■脈略なく、戦争関連の映画の感想3本。

■ひまわり

オープニングの一面のひまわり畑&テーマ音楽で既に涙腺が緩んでしまう。
エンディングでは言わずもがな。

しかし本当は、この映画、つっこみどころはたくさんあるのだ。
ソフィア・ローレン怖すぎるとか、マストロヤンニがぺーぺーの一兵として出て行くにはあまりにもお年を召しているのではないかだとか、そもそもストーリーがあまりにもお涙ちょうだいで狙いすぎだろうとか。

でも、あのどこまでも続くひまわり畑の底抜けの明るさ、澄み切って怖いほど碧い空、そしてあの名曲「ひまわり」でテもなくやられてしまうのだ。
あの悲しいストーリーの後にぱあっと流れるあっけらかんとしたひまわりの映像は、あまりにも鮮やかすぎて、そしてあまりにも無邪気すぎて鋭く痛く心に染み入る。
そして追い討ちをかけるように流れる「ひまわり」。
何度も何度も見ているのに、エンディングでぼろぼろ泣いてしまう稀有な映画である。
#近頃やたらと涙腺が緩いということもあるけれど。

■灰とダイアモンド

ストーリーは正直ステロタイプである。
戦争というバックボーンがなければふつーのバッドエンドの青春映画だと思う。
つまりは、どうも歴史のもつ迫力に頼りすぎているきらいがあるのだ。
このことは戦争がらみの映画全般に言えるのだけれども…

けど、ディテールがいい。
主人公が共産党幹部を殺した、丁度そのときにときにあがる花火のシーン。
酒場にて死んだ同士の思い出話を語るとき、弔い火の如く小さなウォッカのグラスに次々と火をつけていくシーン。
撃たれた主人公が、物干し場に数知れず翻る真っ白なシーツの一つに斃れこみ、
そのシーツだけがみるみる黒く(本当は赤く、なのだろうけれども白黒なので黒く見える)染まっていくシーン。
ストーリーはすぐ忘れてしまいそうだけど、こういうディテールは忘れられそうにない。

■ムッソリーニとお茶を

舞台は第二次世界大戦前夜~ムッソリーニ政権台頭・崩壊~連合軍によるイタリア解放の時代。
当時のイタリアにとって敵国人となった後も居座った頑固なイギリスばあさん達と、成金アメリカ女性、そしてイタリア人少年を軸としたお話である。
あらすじを書いてりゃあきりがないので書かないけれど、ランダムな感想は以下の通り。

・都合よすぎじゃ!

成金アメリカ人女性(あの「月の輝く夜に…」のシェールが扮していた。

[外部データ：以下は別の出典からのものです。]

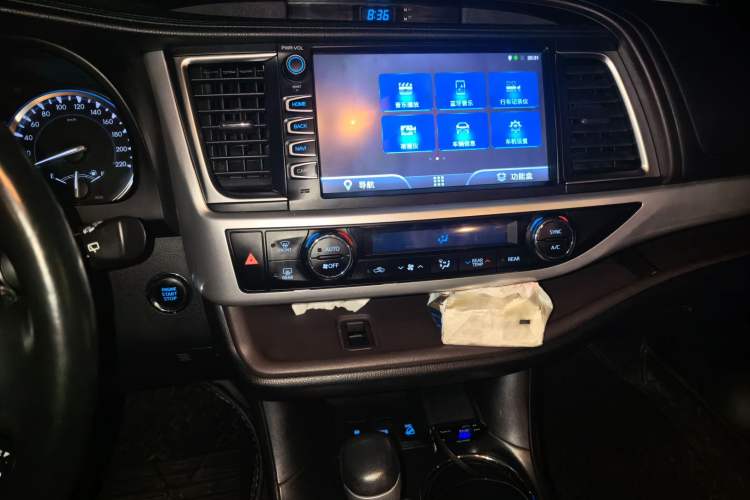 Used Toyota Highlander 2018 2.0T Four-Wheel Drive Luxury Edition 7 Seats China V Emission Standard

これは適材適所)がファシストの伊達男に騙されてすかんぴんにされて、さらにユダヤ人であることまで露呈して危うく密告されそうになるのだけど、うまく逃げおおせるところとか。
いよいよ連合軍においつめられて自暴自棄になったドイツ軍が、あの美しいサンジミニャーノの塔を爆破しようとしたところ、囚われの身のイタリア美術大好きなイギリスばあさん達が「そんなことさせるか!」と塔に我が身を縛り付けて抵抗し、何を生意気なといきりたったドイツ兵に殺されそうになるのだけど、 そこに実にタイミングよく連合軍が現れてドイツ軍は逃げだし、実にタイミングよくサンジミニャーノが解放されるところとか。

ハッピーエンドは好きだけど、いくらなんでもねえ。
こういう安直なオチのつけかたにはかなり興ざめした。
でもまあ、こういうオチでもつけないとこの老婦人達は助からないのでしょうけど。

・でもイタリアの街はきれい

舞台はフィレンツェ、そしてサンジミニャーノ。
後者はあまりスクリーンには登場しないのだけど、やっぱりイタリアはいいなあ。

・全編を流れるユーモア

イギリス婦人の誇り高さ、人情に厚いところ、そして不屈のユーモア。
いささかステロタイプで、安直で、浪花節的なところがむずむずしたが
(生粋のイギリス婦人レディ・へスターと成金アメリカ女エルザの和解のあたりとか)、
おかげで重い時代を扱っているわりには最後にはなんだか心がほんわかした。
それに、いくらひねくれてみても所詮私も大阪人なので、義理や人情、浪花節には弱いのである。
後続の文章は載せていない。